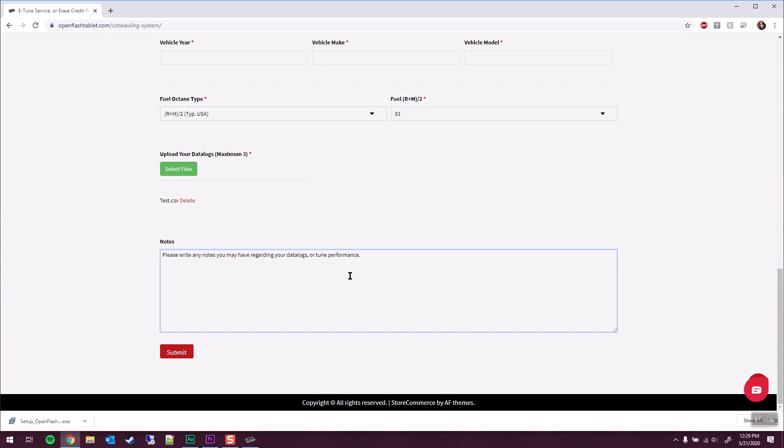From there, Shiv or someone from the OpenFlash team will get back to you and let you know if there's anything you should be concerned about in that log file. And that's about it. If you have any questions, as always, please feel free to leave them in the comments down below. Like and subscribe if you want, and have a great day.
◆ ◆ ◆ ◆
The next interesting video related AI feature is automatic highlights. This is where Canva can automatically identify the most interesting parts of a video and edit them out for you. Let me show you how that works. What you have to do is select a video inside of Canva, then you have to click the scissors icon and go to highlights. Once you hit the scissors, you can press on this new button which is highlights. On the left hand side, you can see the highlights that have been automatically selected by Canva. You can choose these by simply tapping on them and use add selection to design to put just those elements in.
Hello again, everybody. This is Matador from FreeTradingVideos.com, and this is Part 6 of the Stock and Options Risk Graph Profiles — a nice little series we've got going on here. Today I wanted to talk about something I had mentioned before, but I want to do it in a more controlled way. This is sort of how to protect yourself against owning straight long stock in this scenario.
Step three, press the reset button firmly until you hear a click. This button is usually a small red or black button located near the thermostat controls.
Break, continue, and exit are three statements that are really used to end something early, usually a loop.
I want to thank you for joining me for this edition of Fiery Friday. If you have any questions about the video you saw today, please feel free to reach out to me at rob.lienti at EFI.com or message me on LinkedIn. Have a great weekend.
◆ ◆ ◆ ◆
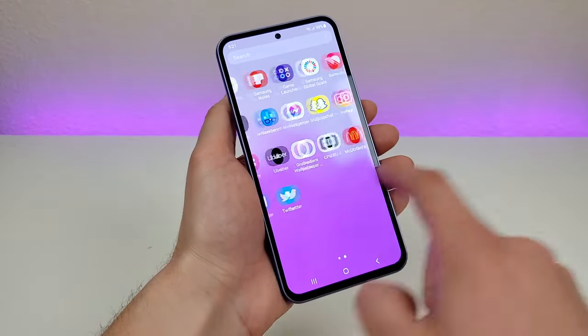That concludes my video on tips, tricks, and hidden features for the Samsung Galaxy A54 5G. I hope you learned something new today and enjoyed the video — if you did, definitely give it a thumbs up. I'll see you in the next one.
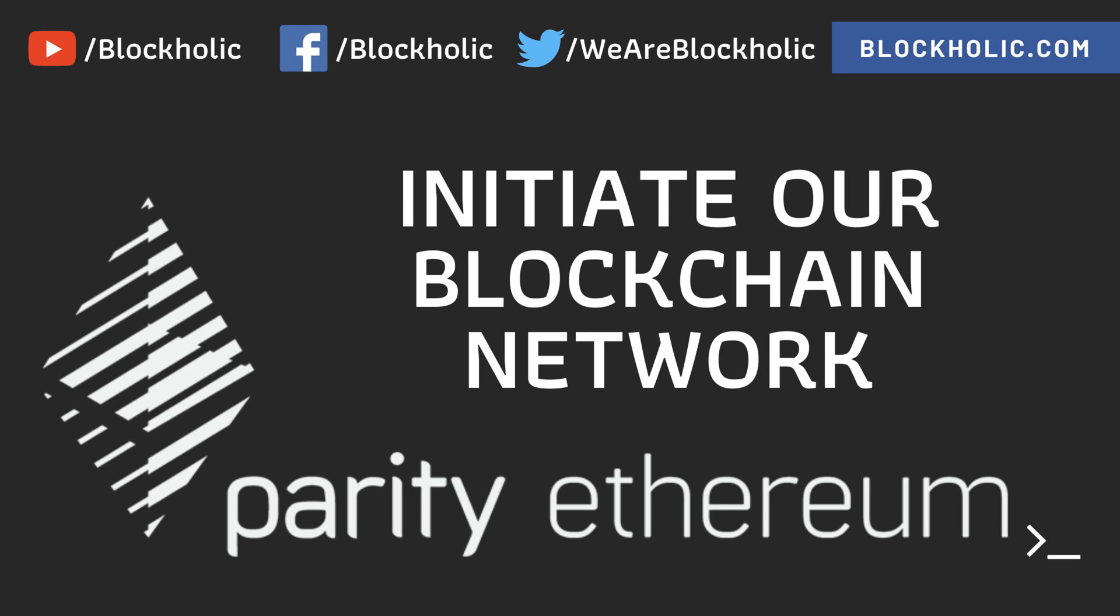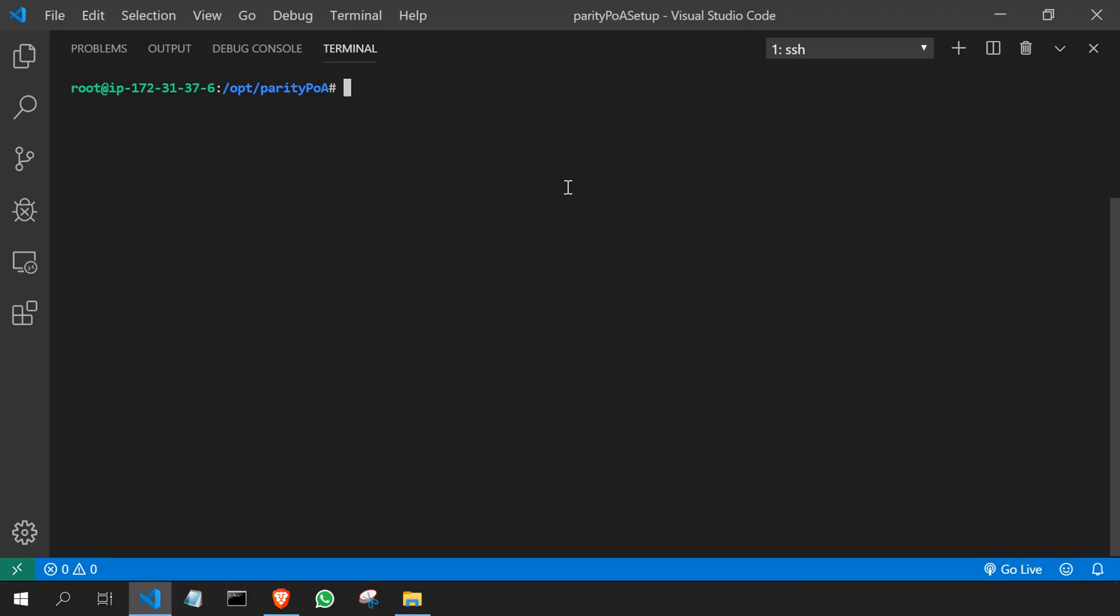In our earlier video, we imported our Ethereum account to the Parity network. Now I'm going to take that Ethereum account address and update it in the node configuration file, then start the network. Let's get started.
◆ ◆ ◆ ◆
[Exercise goal] Give back the records above exactly, limited to the lines between the one holding "The next interesting" and the one holding "I want to thank", inclusive.

[Solution for this task]
The next interesting video related AI feature is automatic highlights. This is where Canva can automatically identify the most interesting parts of a video and edit them out for you. Let me show you how that works. What you have to do is select a video inside of Canva, then you have to click the scissors icon and go to highlights. Once you hit the scissors, you can press on this new button which is highlights. On the left hand side, you can see the highlights that have been automatically selected by Canva. You can choose these by simply tapping on them and use add selection to design to put just those elements in.
Hello again, everybody. This is Matador from FreeTradingVideos.com, and this is Part 6 of the Stock and Options Risk Graph Profiles — a nice little series we've got going on here. Today I wanted to talk about something I had mentioned before, but I want to do it in a more controlled way. This is sort of how to protect yourself against owning straight long stock in this scenario.
Step three, press the reset button firmly until you hear a click. This button is usually a small red or black button located near the thermostat controls.
Break, continue, and exit are three statements that are really used to end something early, usually a loop.
I want to thank you for joining me for this edition of Fiery Friday. If you have any questions about the video you saw today, please feel free to reach out to me at rob.lienti at EFI.com or message me on LinkedIn. Have a great weekend.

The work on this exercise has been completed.